For days now, the news media's calls have come like Paul Revere was here on horseback, shouting: "The British are coming! The British are coming."
This warning was different, but no less panic-stricken: "Batten down the hatches! Snow is coming to Las Vegas! On New Year's Eve! The horror!"
Frightful forecasts of high winds, freezing temperatures and 3 inches of snow to blanket the Las Vegas valley were bandied about like over-and-under lines at the sports book, just as an estimated 340,000 visitors were set to converge on Sin City for the annual holiday revelry.
Dust off the space heaters, the stories warned. Get out the de-icers at the airport. A major storm warning is in effect.
"People celebrating the eve of the New Year in Las Vegas may be seeing more than confetti falling from the sky," warned the Las Vegas Review Journal.
The Las Vegas Sun started counting the number of local snow plows (12), agonizing whether it would be enough, not to mention salt for the roads.
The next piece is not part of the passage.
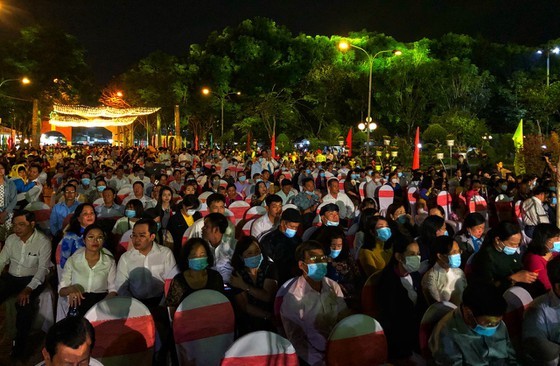 2021 Dong Thap Tourism-Culture Week opens ảnh 2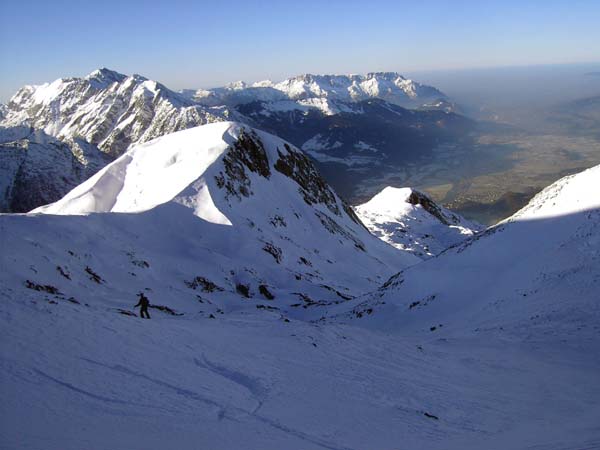 die Abfahrt beginnt im Hochtal zwischen Nördl. (rechts) und Nordwestl. Wieselstein, dahinter Göll und Untersberg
Even the website Gawker got into the act. "If Sin City's sports books took bets on the weather, snow in Las Vegas on New Year's Eve would normally have terrible odds," it said. "It might pay out this year, though, if the white flurries start falling on an Eiffel Tower, a pyramid and a volcano come Wednesday."
But like many bets here, this one didn't exactly pan out.
Sure, the thermometer dropped into the low 30s. But not a speck of snow stuck to the ground.
“Initially, when we watched the storm evolve, it looked like we were in a better position to get more snow,” Chris Stachelski, a meteorologist with the
Except it wasn't. Not yet, anyway.
Still, the weather has Stachelski scratching his head. Just over a week ago, Vegas set a record with a 70-degree December day. He predicted that the midnight temperature will drop to 30 degrees – for just the third time over the holiday since 1990. The other two were in 1991 and 2011.
But as for snow, all bets are off.
"It's not uncommon to see snow fall," said Stachelski. "But to see it accumulate is something we only see every 10 years."